Thursday, April 15, 2010

Rethinking Surburban Seniors


Marian Knapp got her Ph.D. last year, at the age of 70, in environmental studies. Unlike her fellow students concerned with whales and egrets, Knapp studied the elderly in her hometown of Newton, a suburb of Boston. Her dissertation, "Aging in Place in Suburbia," is a group portrait of Newton women adapting to a new life as elderly residents in a place built for young families. Now a member of Newton's Council on Aging and a consultant to local agencies, Knapp talked to Burb about the issues facing the half of Americans over 65 who live in the burbs.


What inspired you to get your degree?
I had a lot of family members who lived to be really old. So part of it was asking myself, what am I going to do with the next 30 years? But I was also influenced by being a caregiver for these older people. When I read what the current literature says about aging at home, I was troubled. If you type "aging in place" into a search engine, it defines staying at home as having services brought in. That was not my life, or my relatives' lives. Their lives were a lot more complicated. I'm trying to reframe the image of elders in suburbia.

How is that image different from reality?
The house is really important to seniors, but it's not their whole life. The women I interviewed talked about nature, about their neighborhoods, about Boston, and about the world, which was still very much a part of their persona, and how they viewed their lives.

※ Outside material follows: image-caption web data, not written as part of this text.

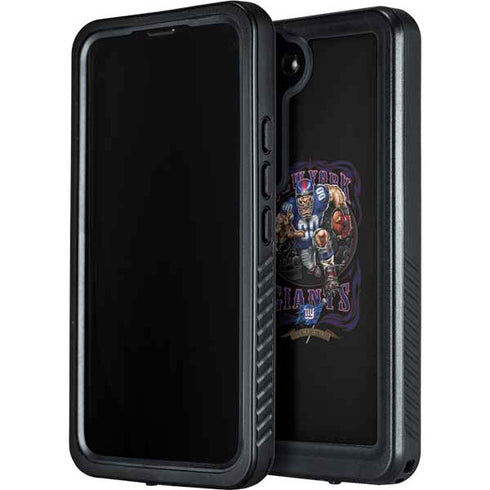 Liquid Blue NFL New York Giants Running Back Galaxy S23 Plus Waterproof Case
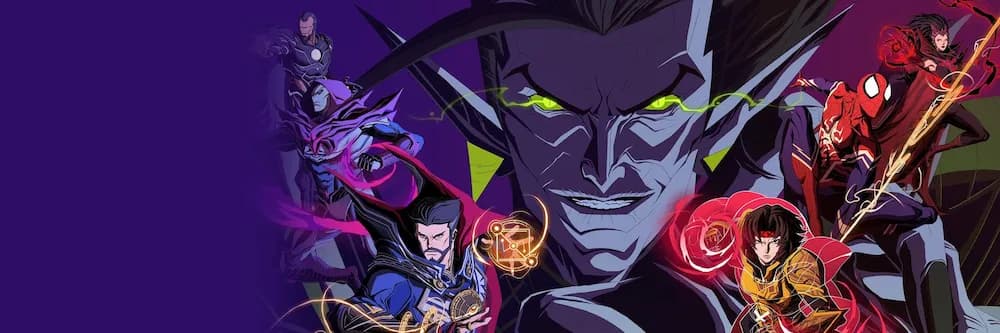 Cover image for Marvel Mystic Mayhem gacha game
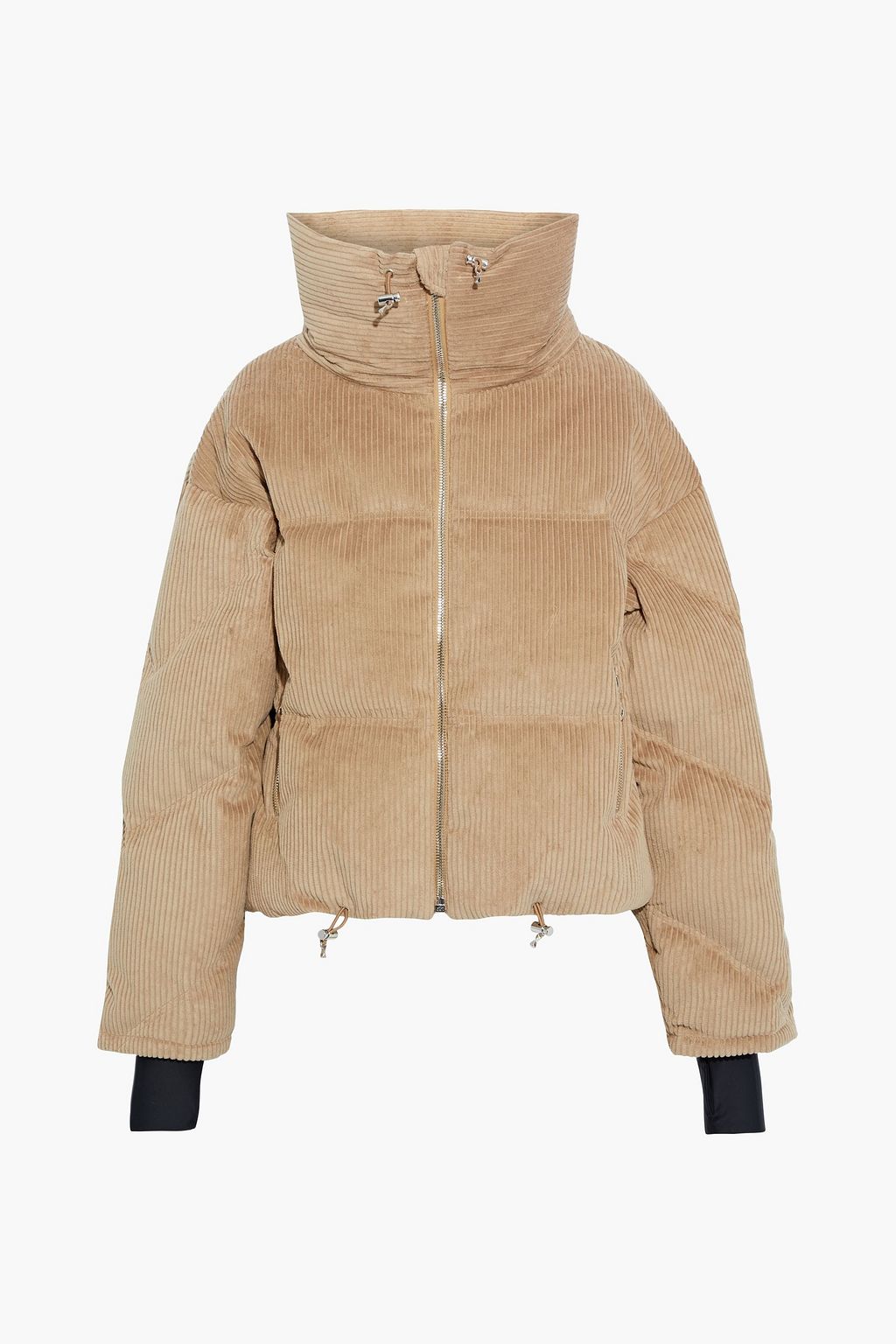 mont blanc hooded puffer jacket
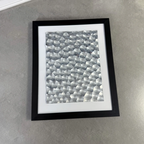 3D Metal Wall Art Geometric CNC Aluminum Frame - home decor by Extoril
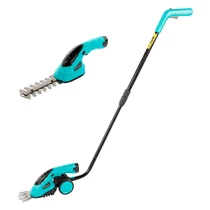 Detoolz DZ-SE126 akkumulátoros fű- és cserjeolló, 3,6V, 1100 ford/perc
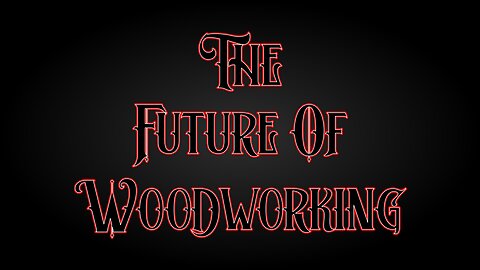 The Future of Woodworking - AI Overload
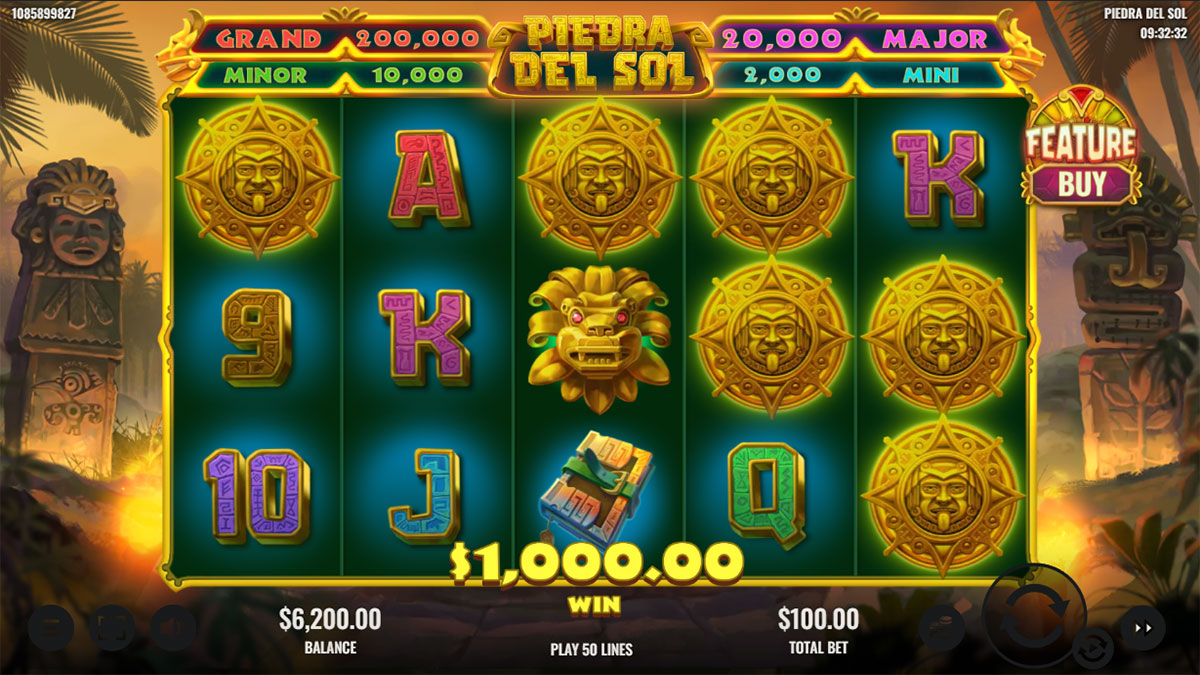 Piedra Del Sol screenshot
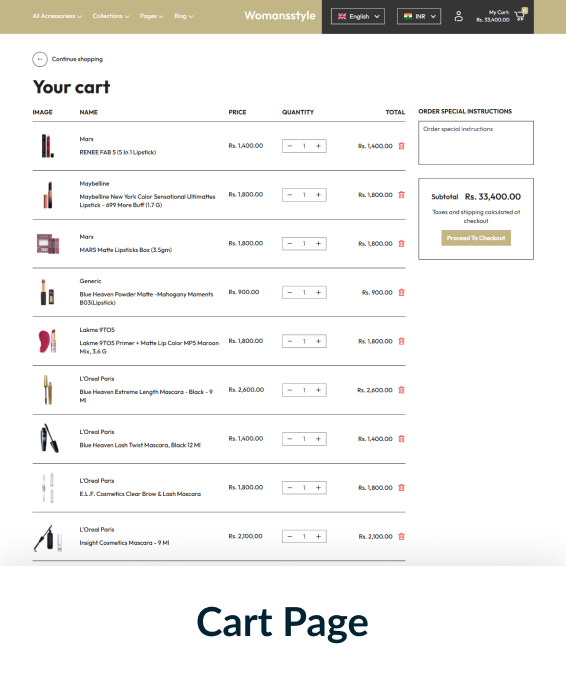 Womansstyle Shopify Theme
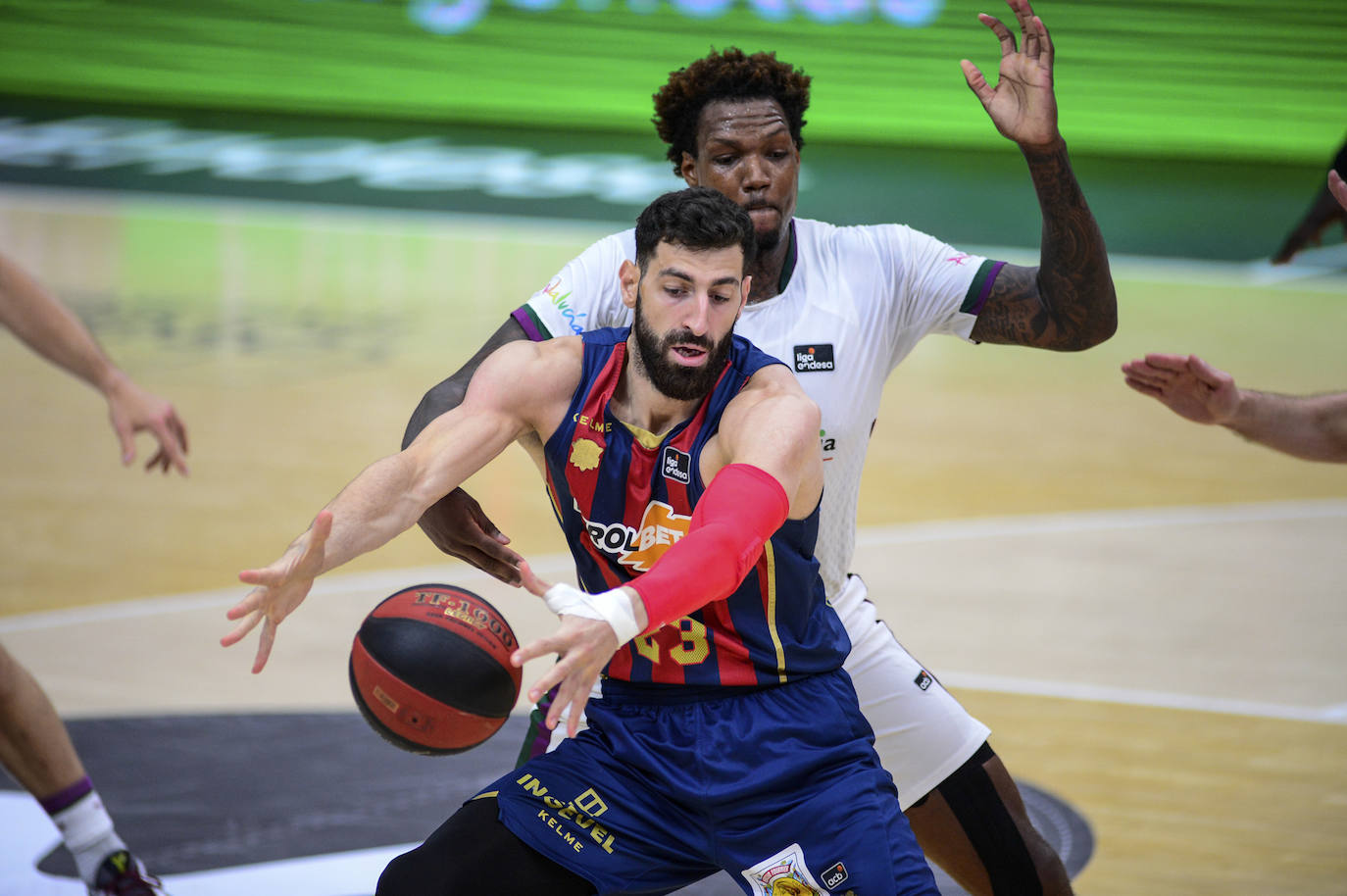 Fotos: Las fotos del Baskonia - Unicaja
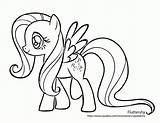 Fluttershy Coloring Pages  Coloring Home sketch template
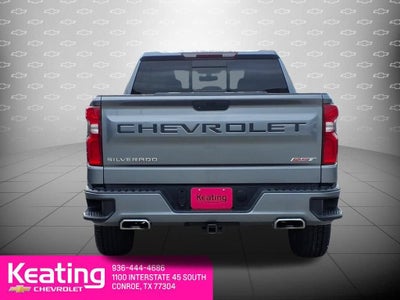 2022 Chevrolet Silverado 1500 LTD RST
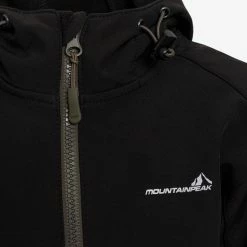 Mountain Peak Kinder Softshell Jas - Zwart - Maat 164 - Winddicht - Ademend Materiaal 7 Mountain Peak Kinder Softshell Jas - Zwart - Maat 164 - Winddicht - Ademend Materiaal -Flamecan winkel 550x550 47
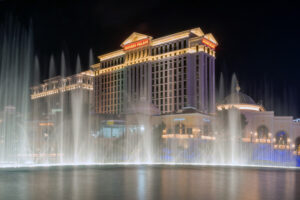 The Bellagio Fountains Las Vegas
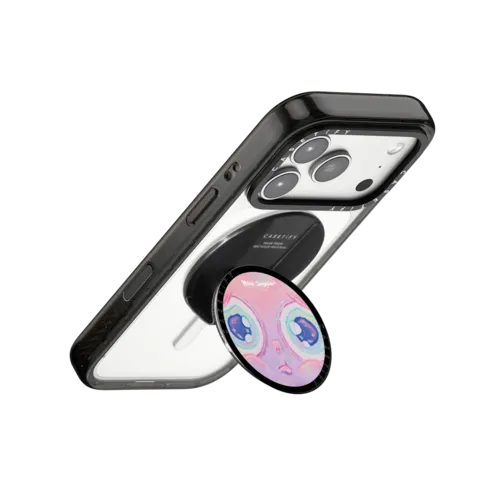 Huggie | Snappy Grip Stand / Snappy Grip Stand MagSafe Compatible / Black | Image 3
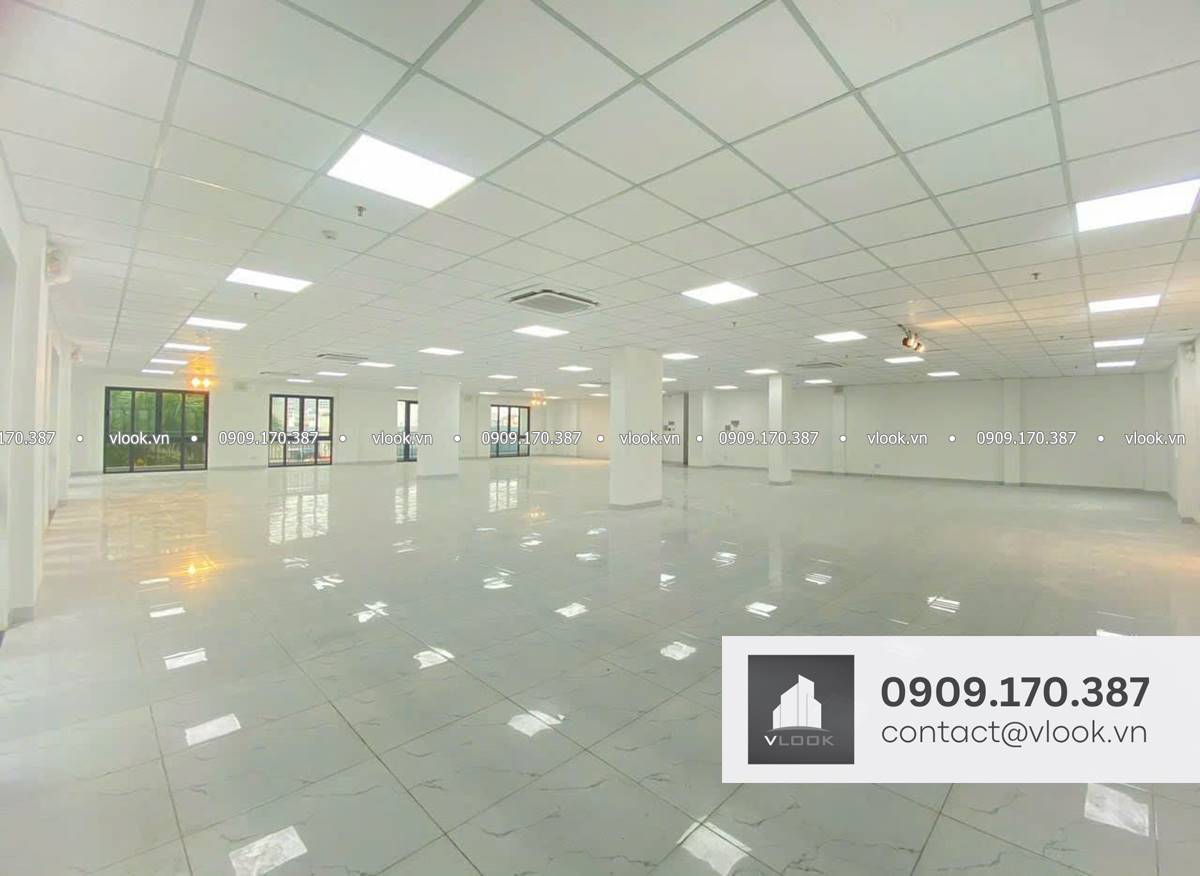 Cao ốc văn phòng cho thuê Dashaus Quốc Hương, Phường Thảo Điền, Quận 2, TP.HCM - vlook.vn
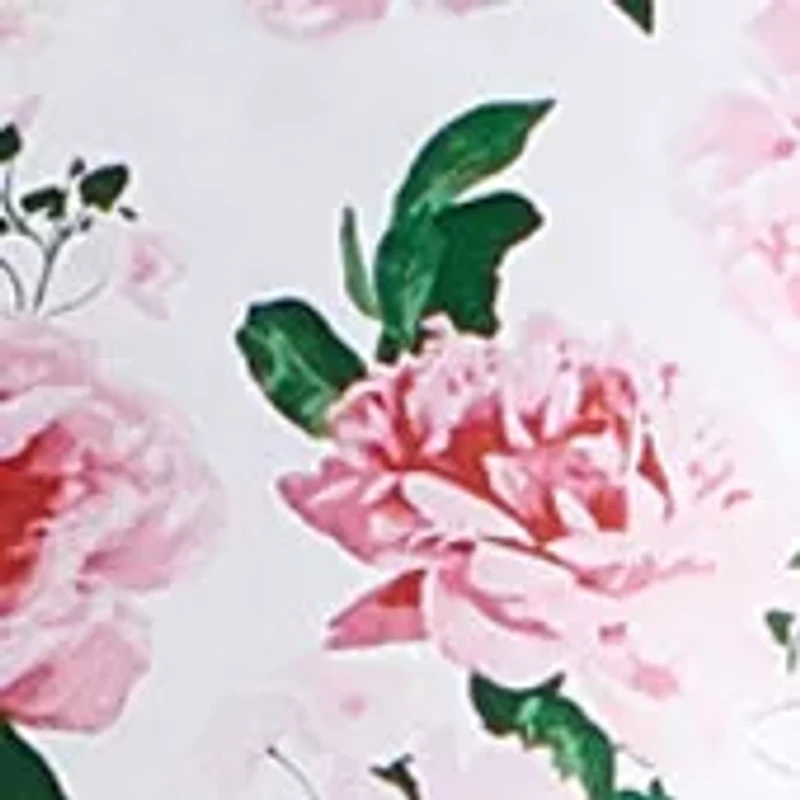Blooming Roses Cotton Duvet Cover Set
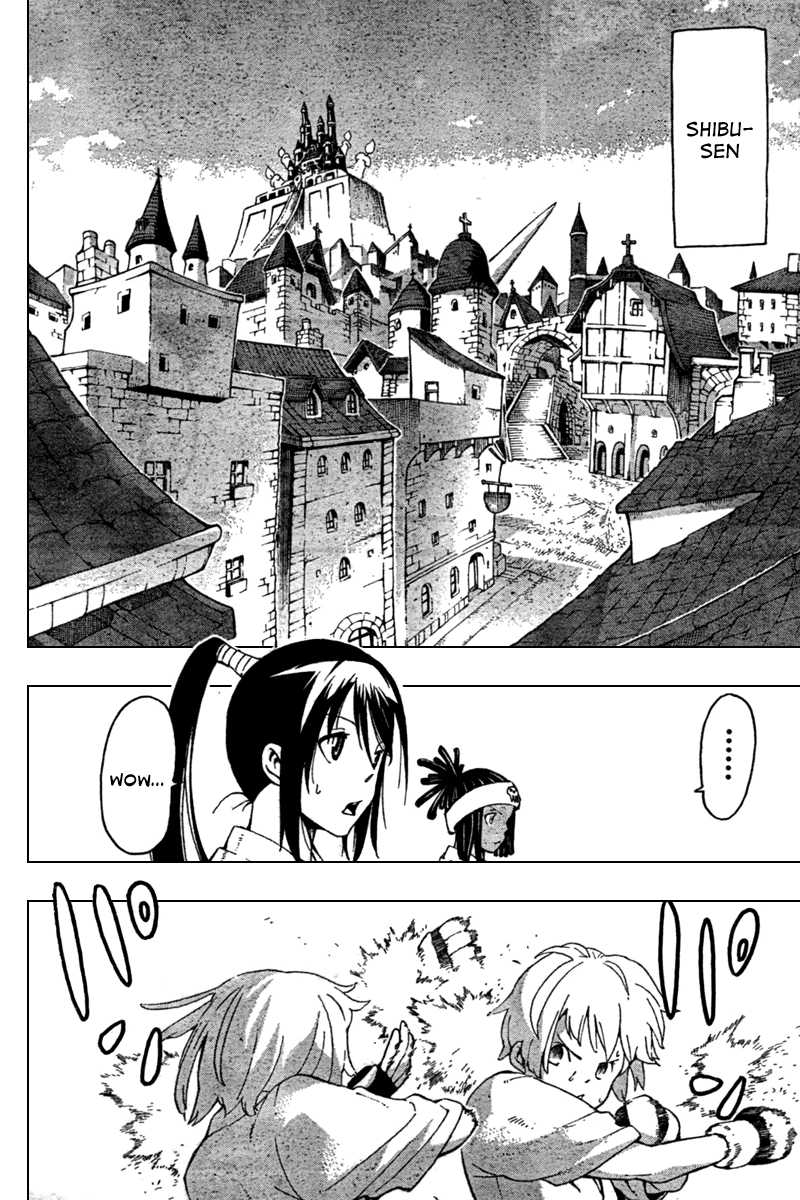 Soul Eater Chapter 62 page 8 - Chapter 62: Startup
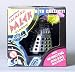 Dr Who Micro Talking Dalek Silver Black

So aging in place means being actively involved in the broader community. The image we have is an old person sitting there, very needy, and that the alternative is going to a nursing home. We have to change this idea so we can engage these people in a meaningful way.

How do you do that?
I've been working with the Department of Senior Services here in Newton on a survey of what's going on outside the walls of the senior center. We've produced a demographic map of the town, color coded to show where the elders are, so we can match programs with where they live. We're trying to get the community to focus on needs, but also existing assets. If there are gaps, then we want to fill those gaps.

One challenge here is transportation.
The elderly need transportation not only to get to the doctor, but to stay connected to people. In Newton we've recently restored a transportation system that gets them to appointments, but also to houses of worship, so they can get to religious services. The question with transportation is, who's going to fund it?

You talked earlier about the elderly connecting to nature.
For many people, nature was a very important part of moving out of the city. When they were younger, these people would go walk in the woods. Now some women find a place in their house where they can see the change of the seasons. They feed the birds, or garden. It's a very positive thing we should be paying more attention to.

We think of activities for seniors as playing bingo and cards. Is this what do they really want to do?
The senior center here knows it's in a transition period. So it does have bingo, and serves lunch. They have to maintain those sorts of things. But it also has computer classes. art classes, music, art and French language classes. The next generation of elderly still want to be involved in technology and cultural things.

Do the elderly only want to socialize with other elderly?
Not at all. In fact, there's some self-imposed ageism going on, people who say "I won't go to the senior center. They're all old." There are efforts going on to bring people together in their neighborhoods. I'm not sure how successful they've been. People are wrapped up in their daily lives and they're not thinking about the neighborhood piece.

How do we need to rethink our approach to elderly in the suburbs?
A lot of this work is defined by professionals, so we have these silos of services--transportation and housing and medicine. And even when they get together, they have a clinical perpsective--they ask, "How can we work professionals together?", not, "How can we see the whole person?" Communities need to think about the whole person, and how we can help seniors continue to be a whole person.